EXERCISE:
Write every line below out again exactly, images omitted.

(Beginning of DATASET CONTENT)

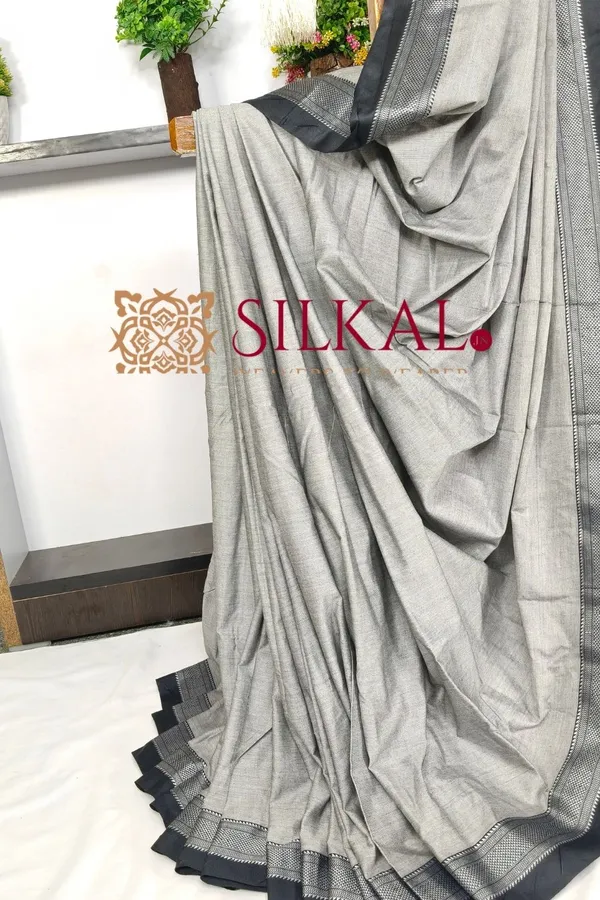Patteda_Anchu_Pure_Cotton_Saree_SKL03601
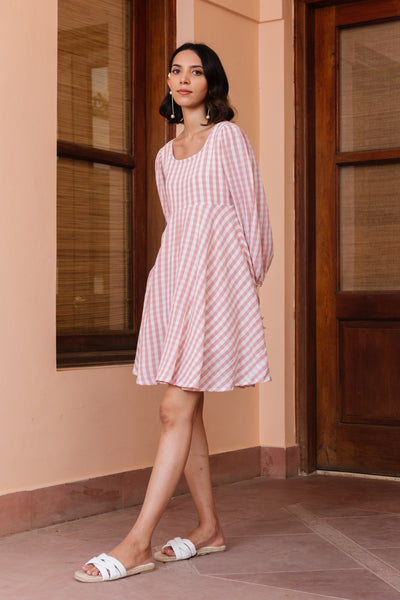 Blush Gingham Dress 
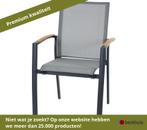 4 stuks Siena Garden Velia Stapelstoel mat antraciet, Ophalen of Verzenden, Nieuw, Overige materialen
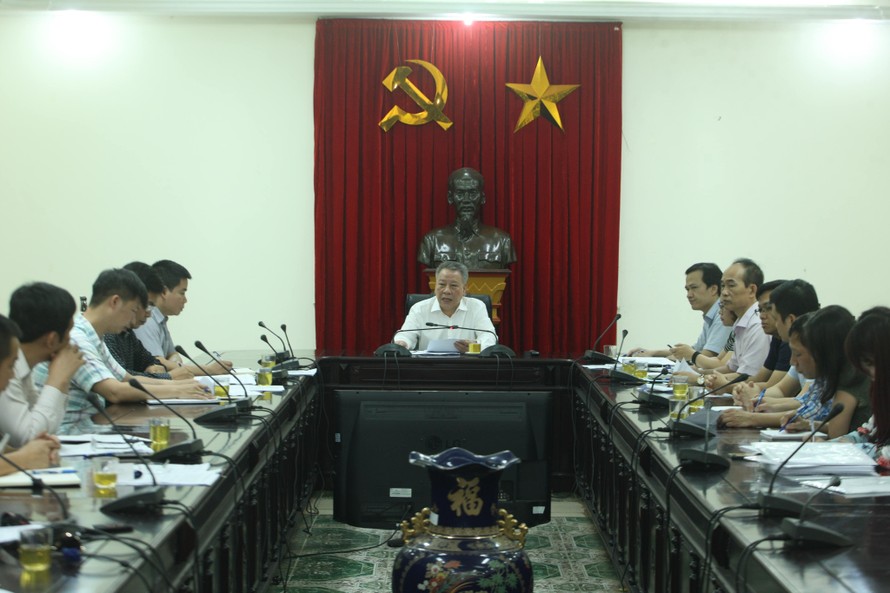 Giám đốc Sở VHTT Hà Nội chủ trì cuộc họp xem xét vi phạm festival văn hoá ở Hoàng thành Thăng Long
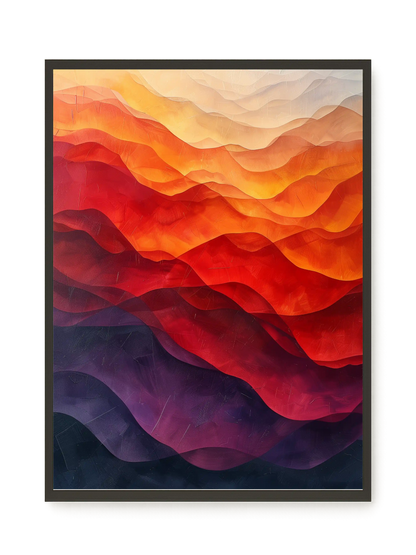Shifting Spectrum Canvas Wall Art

(End of DATASET CONTENT)

RESPONSE AREA:
Patteda_Anchu_Pure_Cotton_Saree_SKL03601
 Blush Gingham Dress 
 4 stuks Siena Garden Velia Stapelstoel mat antraciet, Ophalen of Verzenden, Nieuw, Overige materialen
 Giám đốc Sở VHTT Hà Nội chủ trì cuộc họp xem xét vi phạm festival văn hoá ở Hoàng thành Thăng Long
Shifting Spectrum Canvas Wall Art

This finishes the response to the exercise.